LISTED RECORDS
Segment Open

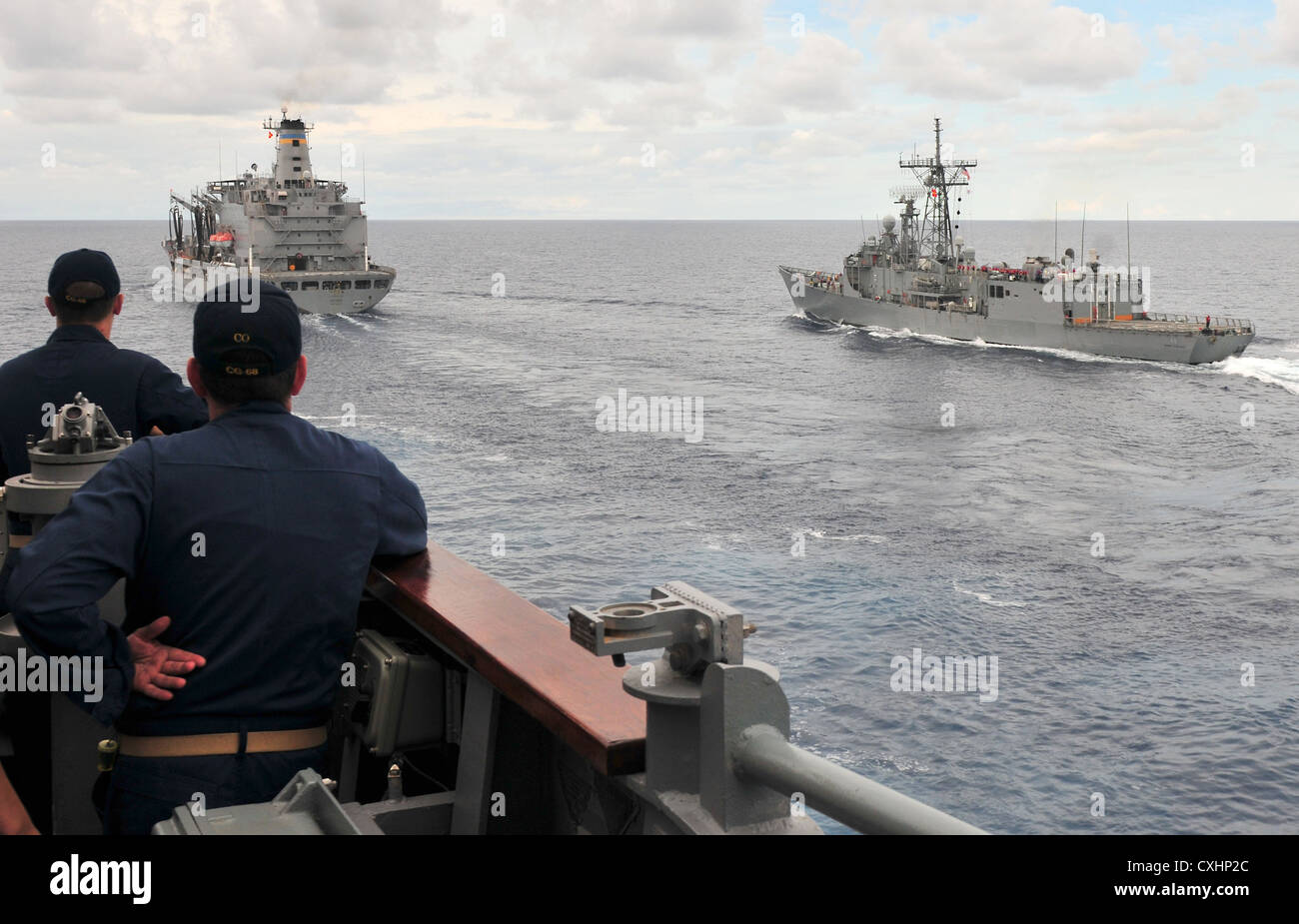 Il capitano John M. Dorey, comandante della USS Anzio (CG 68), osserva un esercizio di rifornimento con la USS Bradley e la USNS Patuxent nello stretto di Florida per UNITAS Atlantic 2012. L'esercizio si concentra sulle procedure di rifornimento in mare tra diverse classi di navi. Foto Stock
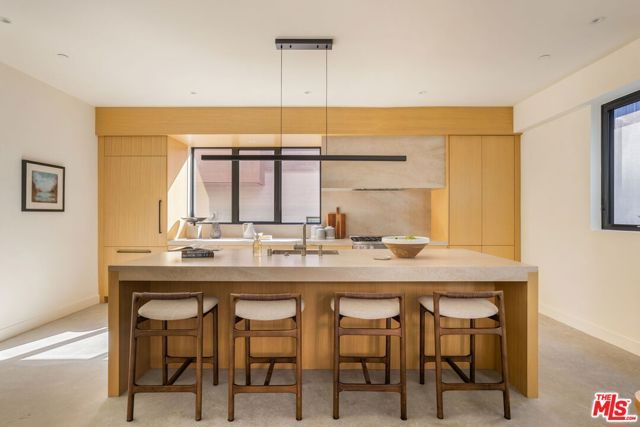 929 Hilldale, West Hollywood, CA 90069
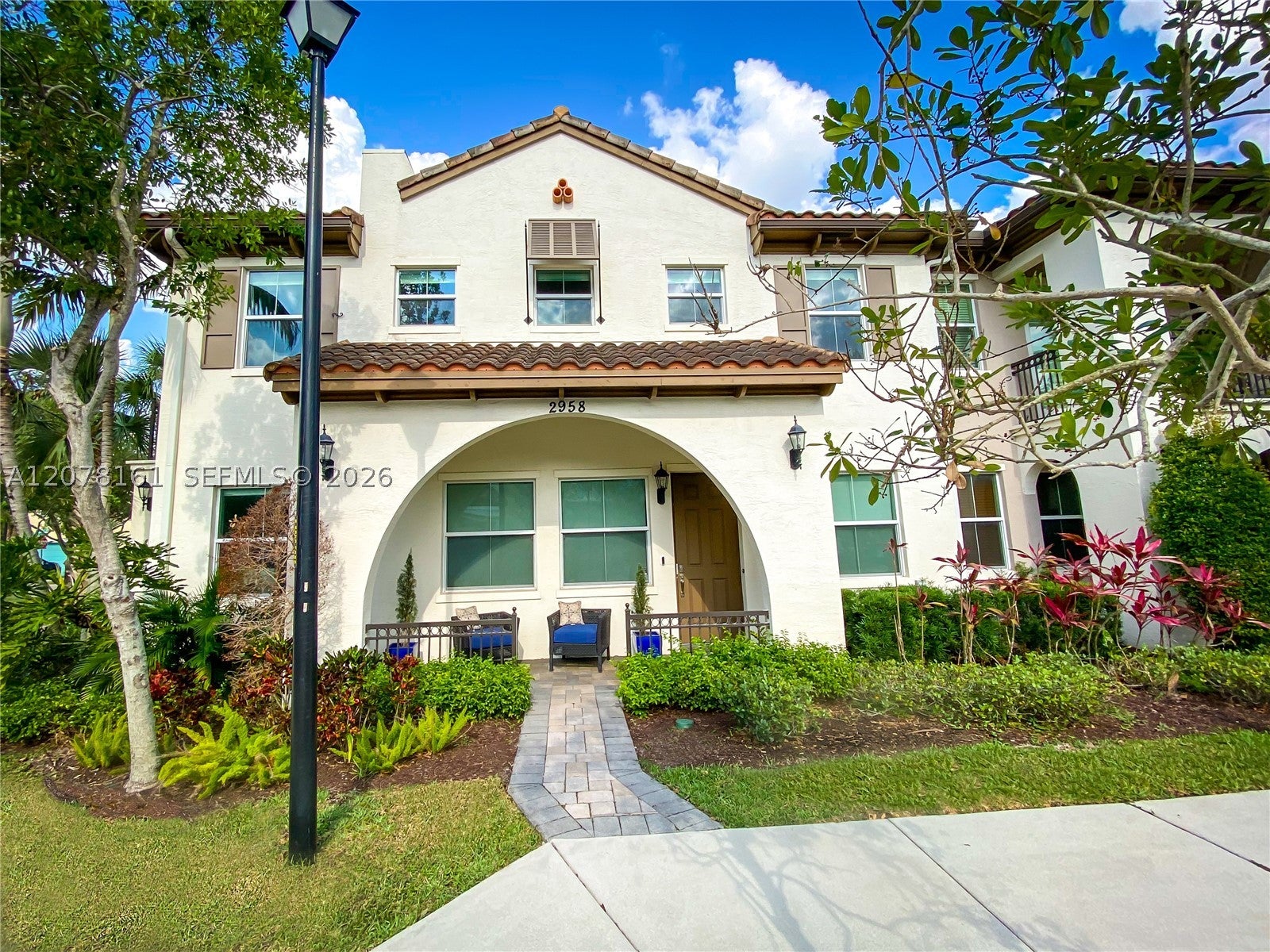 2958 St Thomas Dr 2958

Segment Closed
Segment Open

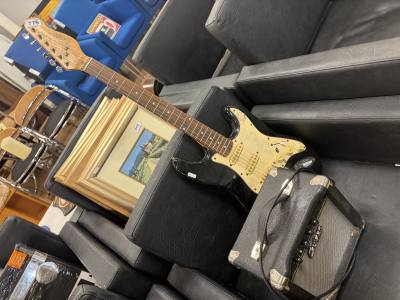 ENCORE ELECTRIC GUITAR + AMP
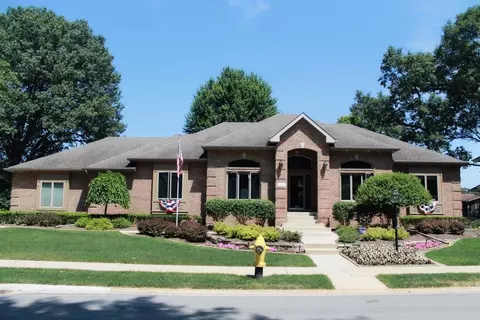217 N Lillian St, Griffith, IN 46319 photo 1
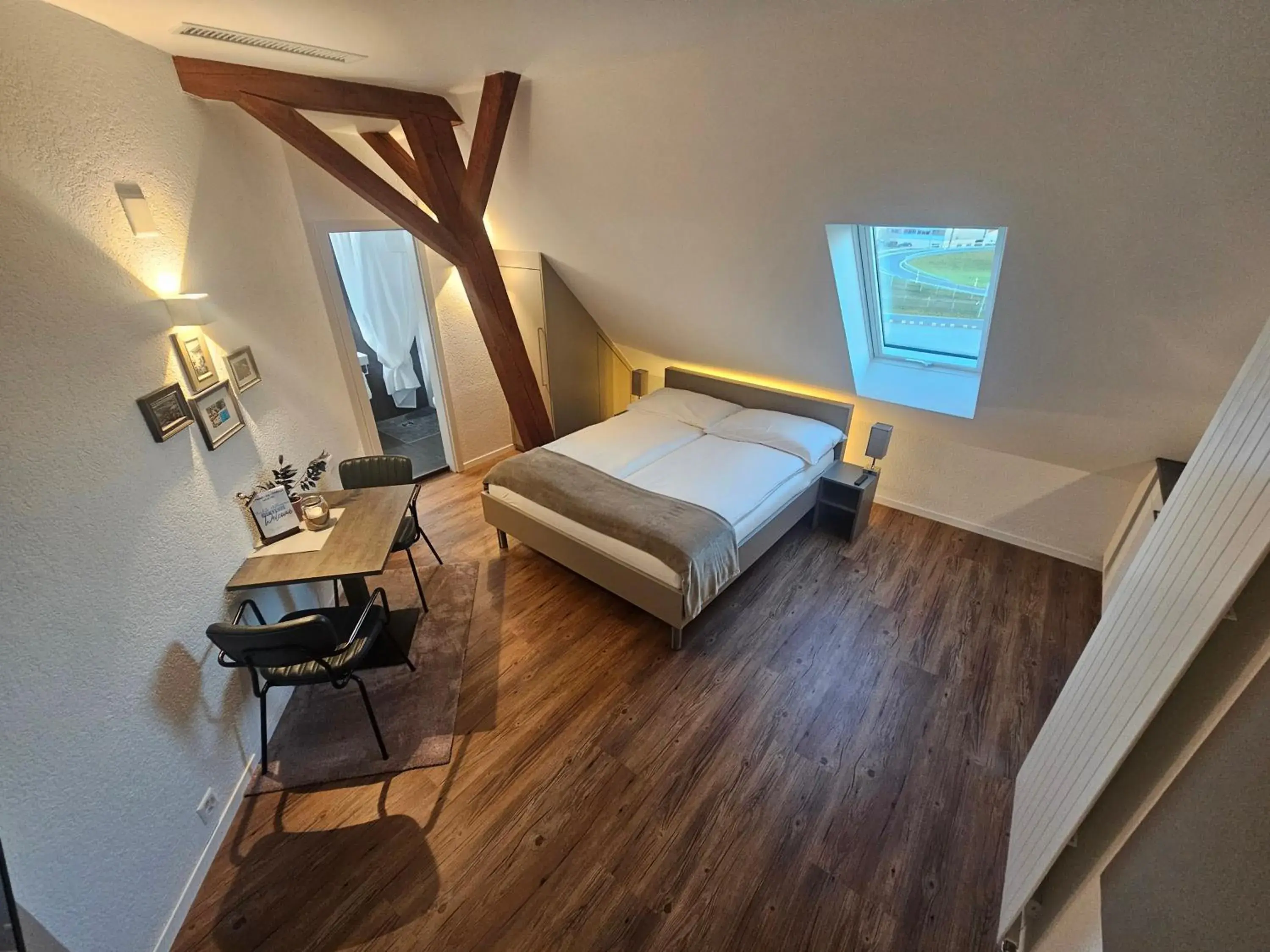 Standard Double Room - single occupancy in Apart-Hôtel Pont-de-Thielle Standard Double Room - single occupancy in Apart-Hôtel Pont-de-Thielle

Segment Closed
Segment Open

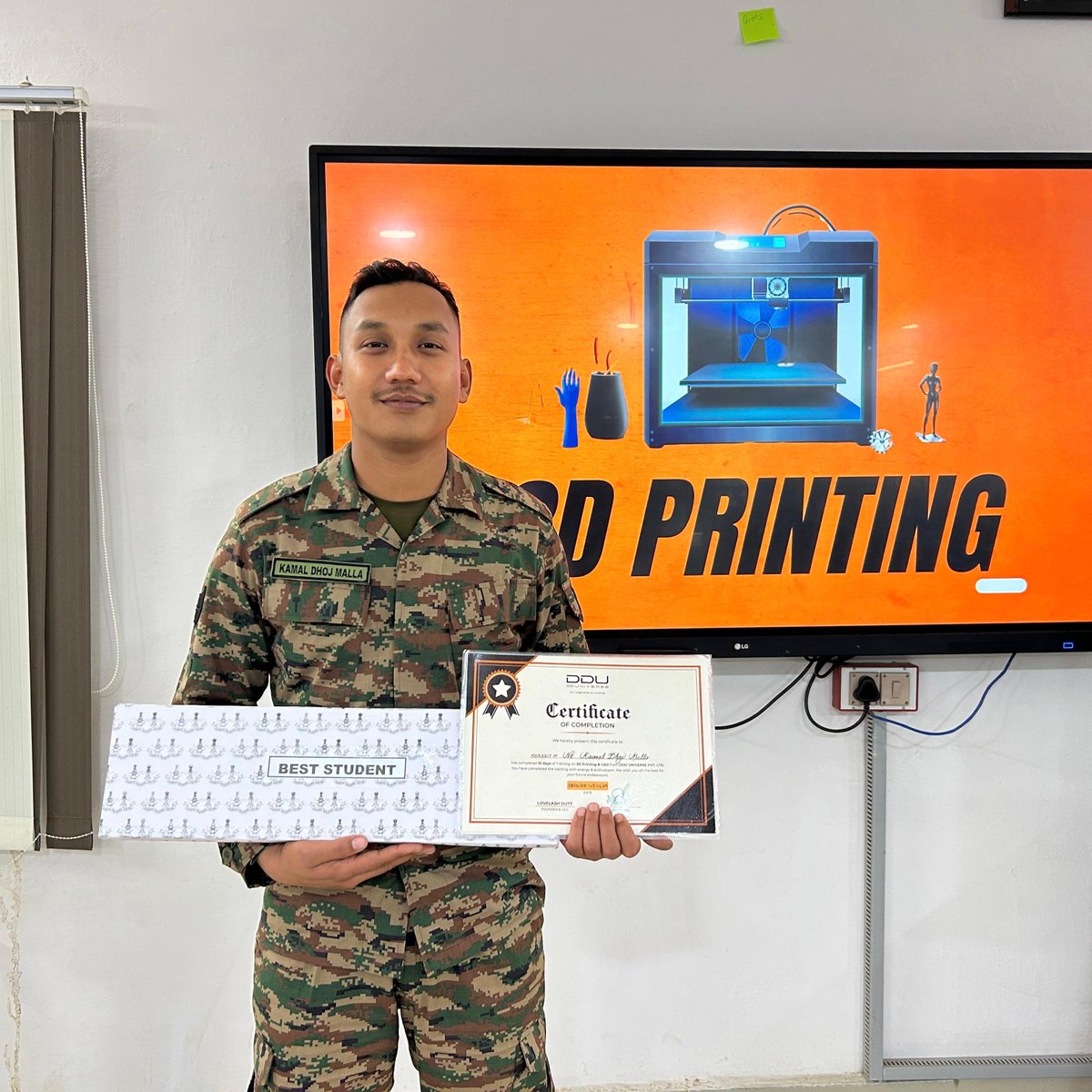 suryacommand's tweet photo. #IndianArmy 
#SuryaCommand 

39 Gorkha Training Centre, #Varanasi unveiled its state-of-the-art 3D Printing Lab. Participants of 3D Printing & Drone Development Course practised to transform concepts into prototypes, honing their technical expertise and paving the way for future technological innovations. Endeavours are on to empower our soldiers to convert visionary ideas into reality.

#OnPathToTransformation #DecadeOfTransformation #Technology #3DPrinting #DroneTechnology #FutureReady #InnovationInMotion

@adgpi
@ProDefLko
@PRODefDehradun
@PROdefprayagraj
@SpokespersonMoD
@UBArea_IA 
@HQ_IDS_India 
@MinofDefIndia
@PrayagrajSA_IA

Segment Closed

EXERCISE DIRECTIONS
The copy should hold only the lines from the one with "Il capitano John" through the one with "2958 St Thomas Dr 2958", exactly as they stand above. Leave out the pictures.

THE ANSWER
 Il capitano John M. Dorey, comandante della USS Anzio (CG 68), osserva un esercizio di rifornimento con la USS Bradley e la USNS Patuxent nello stretto di Florida per UNITAS Atlantic 2012. L'esercizio si concentra sulle procedure di rifornimento in mare tra diverse classi di navi. Foto Stock
 929 Hilldale, West Hollywood, CA 90069
 2958 St Thomas Dr 2958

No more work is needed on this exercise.